Davalı Ticaret Sicil Müdürlüğünce ihyası istenen şirketin temsil ve ilzama yetkilendirilmiş kişilere ticaret sicilindeki adreslerine bu konuda ihtarat yapıldığına ilişkin tebligat bulunmamaktadır. Bu nedenle sicil işlemi hatalı olmakla birlikte 559 sayılı Türk Ticaret Kanunu’nun Bazı Maddelerinde Değişiklik Yapılmasına Dair Kanun Hükmünde Kararname ile eklenen geçici 10. maddesi gözetildiğinde asgari sermaye şartını süresinde arttırmadığından münfesihlik durumu ortadan kalkmadığından tasfiye ile sınırlı olmak üzere ihya kararı verilebilir.
6102 sayılı Türk Ticaret Kanunu’nun 7/15. maddesi uyarınca sicilden sermaye artırımı yapmayarak münfesih duruma düşmesinden ötürü tasfiye işlemleri için de şirkete tasfiye memuru atanması gerekmektedir.
Hal böyle olunca mahkemece, davalı ticaret sicil müdürlüğünün 6102 sayılı TTK’nun geçici 7. maddesinde ve 559 sayılı KHK’da öngörülen usul ve şartlar gerçekleşmeden ihyası istenen şirketi ticaret sicilinden re’sen terkin ettiği, sicilden sermaye artırımı yapmayarak münfesih duruma düşmesinden ötürü tasfiye işlemleri için de şirkete tasfiye memuru atanması gerektiği, TTK’nun 547/2. maddesi gereğince ek tasfiye kararı ile ihya ve tasfiye işlemlerinin yapılması için ihyasına karar verilen şirkete tasfiye memuru atanmasına karar verilerek usulsüz terkin ile dava açılmasına sebebiyet veren davalı aleyhine yargılama giderlerine hükmedilmesinde bir isabetsizlik görülmemiştir.
Davalının yargılama giderlerine yönelik istinaf itirazına gelindiğinde, ihyası talep olunan şirket hakkında derdest dava bulunduğu sırada ticaret sicilinden terkin işlemi yapılması TTK’nun geçici 7. maddesine uygun değildir.
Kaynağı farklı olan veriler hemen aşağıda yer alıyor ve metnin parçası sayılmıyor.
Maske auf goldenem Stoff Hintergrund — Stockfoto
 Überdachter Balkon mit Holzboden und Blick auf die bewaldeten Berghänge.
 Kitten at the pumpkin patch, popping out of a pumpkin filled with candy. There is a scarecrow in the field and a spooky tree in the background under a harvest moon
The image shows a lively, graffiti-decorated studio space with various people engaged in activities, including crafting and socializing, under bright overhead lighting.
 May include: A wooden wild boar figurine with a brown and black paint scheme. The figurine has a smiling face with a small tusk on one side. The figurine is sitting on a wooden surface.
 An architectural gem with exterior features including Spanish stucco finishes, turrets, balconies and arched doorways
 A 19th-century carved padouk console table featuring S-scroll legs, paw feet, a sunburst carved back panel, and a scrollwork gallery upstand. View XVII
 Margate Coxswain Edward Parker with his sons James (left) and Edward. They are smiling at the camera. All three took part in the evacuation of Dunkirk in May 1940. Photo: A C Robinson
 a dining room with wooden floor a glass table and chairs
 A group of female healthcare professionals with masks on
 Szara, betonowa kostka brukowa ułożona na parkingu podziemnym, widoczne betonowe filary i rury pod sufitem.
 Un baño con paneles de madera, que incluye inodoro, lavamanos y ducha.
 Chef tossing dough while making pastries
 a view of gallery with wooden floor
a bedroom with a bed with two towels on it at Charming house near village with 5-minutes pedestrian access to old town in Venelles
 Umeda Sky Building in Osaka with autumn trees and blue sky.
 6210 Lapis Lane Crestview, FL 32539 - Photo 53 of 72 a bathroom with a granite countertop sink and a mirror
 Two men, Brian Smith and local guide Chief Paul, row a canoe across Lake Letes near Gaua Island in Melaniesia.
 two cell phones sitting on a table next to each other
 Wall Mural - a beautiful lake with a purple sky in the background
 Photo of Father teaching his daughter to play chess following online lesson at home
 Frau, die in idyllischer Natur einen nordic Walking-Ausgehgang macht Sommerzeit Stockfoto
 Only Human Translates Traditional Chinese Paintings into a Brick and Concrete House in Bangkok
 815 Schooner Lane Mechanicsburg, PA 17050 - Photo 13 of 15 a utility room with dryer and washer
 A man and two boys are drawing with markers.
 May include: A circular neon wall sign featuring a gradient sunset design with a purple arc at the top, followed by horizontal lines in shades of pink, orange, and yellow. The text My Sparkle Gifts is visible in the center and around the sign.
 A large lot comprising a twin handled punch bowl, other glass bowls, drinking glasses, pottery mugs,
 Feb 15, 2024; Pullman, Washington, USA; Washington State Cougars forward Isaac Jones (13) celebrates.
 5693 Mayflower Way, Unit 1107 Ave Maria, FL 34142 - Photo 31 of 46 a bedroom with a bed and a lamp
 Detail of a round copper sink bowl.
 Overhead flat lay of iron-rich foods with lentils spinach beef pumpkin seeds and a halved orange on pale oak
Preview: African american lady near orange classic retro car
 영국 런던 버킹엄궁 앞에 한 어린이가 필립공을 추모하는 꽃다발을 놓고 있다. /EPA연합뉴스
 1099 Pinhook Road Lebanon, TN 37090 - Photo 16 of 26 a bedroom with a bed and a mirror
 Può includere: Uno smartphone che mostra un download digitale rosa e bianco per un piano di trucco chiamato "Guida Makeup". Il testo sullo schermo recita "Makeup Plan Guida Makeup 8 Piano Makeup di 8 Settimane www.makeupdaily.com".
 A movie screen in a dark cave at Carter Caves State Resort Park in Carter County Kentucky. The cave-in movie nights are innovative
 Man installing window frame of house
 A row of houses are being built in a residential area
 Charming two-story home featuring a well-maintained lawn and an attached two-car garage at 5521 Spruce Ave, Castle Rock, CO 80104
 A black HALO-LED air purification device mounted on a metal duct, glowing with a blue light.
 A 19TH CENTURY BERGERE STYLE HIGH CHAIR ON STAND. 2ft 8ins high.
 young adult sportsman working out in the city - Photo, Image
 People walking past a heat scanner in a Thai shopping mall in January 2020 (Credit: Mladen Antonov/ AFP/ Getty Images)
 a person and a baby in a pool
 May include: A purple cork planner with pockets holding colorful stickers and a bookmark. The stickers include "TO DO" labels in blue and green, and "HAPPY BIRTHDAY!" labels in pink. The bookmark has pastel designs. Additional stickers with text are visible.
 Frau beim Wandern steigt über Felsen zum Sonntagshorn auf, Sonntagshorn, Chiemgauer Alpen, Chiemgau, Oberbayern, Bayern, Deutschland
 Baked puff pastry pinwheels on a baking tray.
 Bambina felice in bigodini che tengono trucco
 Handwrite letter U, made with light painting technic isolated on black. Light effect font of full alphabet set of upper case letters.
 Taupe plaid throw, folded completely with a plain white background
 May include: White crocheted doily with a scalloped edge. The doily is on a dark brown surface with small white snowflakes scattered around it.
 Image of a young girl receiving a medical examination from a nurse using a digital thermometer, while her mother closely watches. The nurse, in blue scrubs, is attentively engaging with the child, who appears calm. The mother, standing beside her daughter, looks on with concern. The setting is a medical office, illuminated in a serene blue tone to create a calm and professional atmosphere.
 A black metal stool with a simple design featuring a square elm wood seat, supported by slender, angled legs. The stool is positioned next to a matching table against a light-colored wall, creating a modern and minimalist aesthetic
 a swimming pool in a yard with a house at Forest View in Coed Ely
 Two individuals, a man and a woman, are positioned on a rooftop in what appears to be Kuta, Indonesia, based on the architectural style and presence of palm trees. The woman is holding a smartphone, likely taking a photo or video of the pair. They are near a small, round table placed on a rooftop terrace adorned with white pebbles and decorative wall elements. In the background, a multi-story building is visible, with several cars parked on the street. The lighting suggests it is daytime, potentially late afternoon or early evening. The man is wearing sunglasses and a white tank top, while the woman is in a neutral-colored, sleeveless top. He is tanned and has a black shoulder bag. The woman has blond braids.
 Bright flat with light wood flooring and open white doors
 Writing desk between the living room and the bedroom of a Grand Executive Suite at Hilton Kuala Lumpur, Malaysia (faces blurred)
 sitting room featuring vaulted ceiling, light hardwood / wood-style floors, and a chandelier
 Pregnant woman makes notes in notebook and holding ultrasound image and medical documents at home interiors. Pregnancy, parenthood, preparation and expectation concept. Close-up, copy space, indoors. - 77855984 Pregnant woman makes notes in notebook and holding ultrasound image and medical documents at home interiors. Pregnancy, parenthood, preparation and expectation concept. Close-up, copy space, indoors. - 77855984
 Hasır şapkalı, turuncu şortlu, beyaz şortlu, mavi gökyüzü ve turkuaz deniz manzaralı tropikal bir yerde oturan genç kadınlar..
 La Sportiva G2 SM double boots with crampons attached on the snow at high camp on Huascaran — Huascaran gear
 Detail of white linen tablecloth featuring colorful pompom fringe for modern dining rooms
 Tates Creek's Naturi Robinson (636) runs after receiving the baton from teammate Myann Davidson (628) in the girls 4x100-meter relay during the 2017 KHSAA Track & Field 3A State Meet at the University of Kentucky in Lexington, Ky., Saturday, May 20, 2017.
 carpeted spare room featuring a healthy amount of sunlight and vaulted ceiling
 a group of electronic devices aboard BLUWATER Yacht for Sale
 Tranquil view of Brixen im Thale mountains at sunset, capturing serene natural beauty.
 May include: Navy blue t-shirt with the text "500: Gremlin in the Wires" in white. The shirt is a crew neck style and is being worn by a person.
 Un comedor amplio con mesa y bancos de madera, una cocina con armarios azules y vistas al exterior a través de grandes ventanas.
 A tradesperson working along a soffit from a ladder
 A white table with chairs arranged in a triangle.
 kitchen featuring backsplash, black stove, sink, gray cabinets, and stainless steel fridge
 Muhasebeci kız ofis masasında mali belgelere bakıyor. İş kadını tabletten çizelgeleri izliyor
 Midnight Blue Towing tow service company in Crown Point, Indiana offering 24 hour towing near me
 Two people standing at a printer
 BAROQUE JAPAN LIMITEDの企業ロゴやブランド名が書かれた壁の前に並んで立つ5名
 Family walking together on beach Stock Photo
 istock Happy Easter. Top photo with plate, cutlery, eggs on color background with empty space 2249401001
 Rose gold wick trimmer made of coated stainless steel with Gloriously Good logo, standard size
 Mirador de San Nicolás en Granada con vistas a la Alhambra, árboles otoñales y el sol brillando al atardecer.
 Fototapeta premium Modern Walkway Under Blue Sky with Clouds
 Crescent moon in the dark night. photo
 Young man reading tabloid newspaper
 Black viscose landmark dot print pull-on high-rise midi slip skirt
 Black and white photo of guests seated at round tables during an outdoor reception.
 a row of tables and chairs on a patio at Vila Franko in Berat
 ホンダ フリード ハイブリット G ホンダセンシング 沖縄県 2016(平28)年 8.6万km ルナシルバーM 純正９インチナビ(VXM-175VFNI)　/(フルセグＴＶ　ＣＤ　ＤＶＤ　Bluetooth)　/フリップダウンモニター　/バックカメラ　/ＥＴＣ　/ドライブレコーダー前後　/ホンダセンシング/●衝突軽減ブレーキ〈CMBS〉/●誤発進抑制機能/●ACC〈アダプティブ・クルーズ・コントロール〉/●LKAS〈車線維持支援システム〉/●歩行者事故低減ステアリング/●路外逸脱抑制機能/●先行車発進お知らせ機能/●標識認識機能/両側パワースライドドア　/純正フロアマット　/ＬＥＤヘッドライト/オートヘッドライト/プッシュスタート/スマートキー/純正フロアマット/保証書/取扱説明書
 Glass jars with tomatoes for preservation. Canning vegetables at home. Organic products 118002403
Bir başka anlatımla, davanın açılmasına davalı sebebiyet vermiştir. Bu durumda mahkemece davalı aleyhine yargılama giderlerine hükmedilmesi isabetlidir.
Tüm bu nedenlerle ilk derece mahkemesinin davanın kısmen kabulü yönündeki kararında herhangi bir isabetsizlik görülmediğinden davalı ticaret sicil müdürlüğünün istinaf başvurusunun esastan reddine karar vermek gerekmiş ve takdiren aşağıdaki şekilde hüküm kurulmuştur.
HÜKÜM: Yukarıda Açıklanan Nedenlerle;
1-Davalı ticaret sicil müdürlüğünün istinaf başvurusunun HMK’nın 353/(1)-b.1 maddesi gereğince ESASTAN REDDİNE,
2-Davalı ticaret sicil müdürlüğünden alınması gerekli olan 80,70 TL istinaf karar harcından peşin alınan 59,30 TL istinaf karar harcının mahsubu ile bakiye 21,40 TL’nin anılan davalıdan tahsili ile hazineye irat kaydına,
3-Davalı ticaret sicil müdürlüğünün tarafından yapılan yargılama giderlerinin üzerinde bırakılmasına,
4-İstinaf incelemesi sırasında duruşma açılmadığından davacı yararına vekalet ücreti taktirine yer olmadığına,
Dosya üzerinde yapılan inceleme sonucunda HMK’nın 361. maddesi uyarınca gerekçeli kararın tebliğinden itibaren iki haftalık süre içerisinde Yargıtay’da temyiz kanun yolu açık olmak üzere oy birliği ile karar verildi. 12/10/2022

Başkan – Üye – Üye – Zabıt Katibi –

Bu belge 5070 sayılı Elektronik İmza Kanunu hükümlerine göre UYAP sistemi üzerinden elektronik imza ile imzalanmıştır.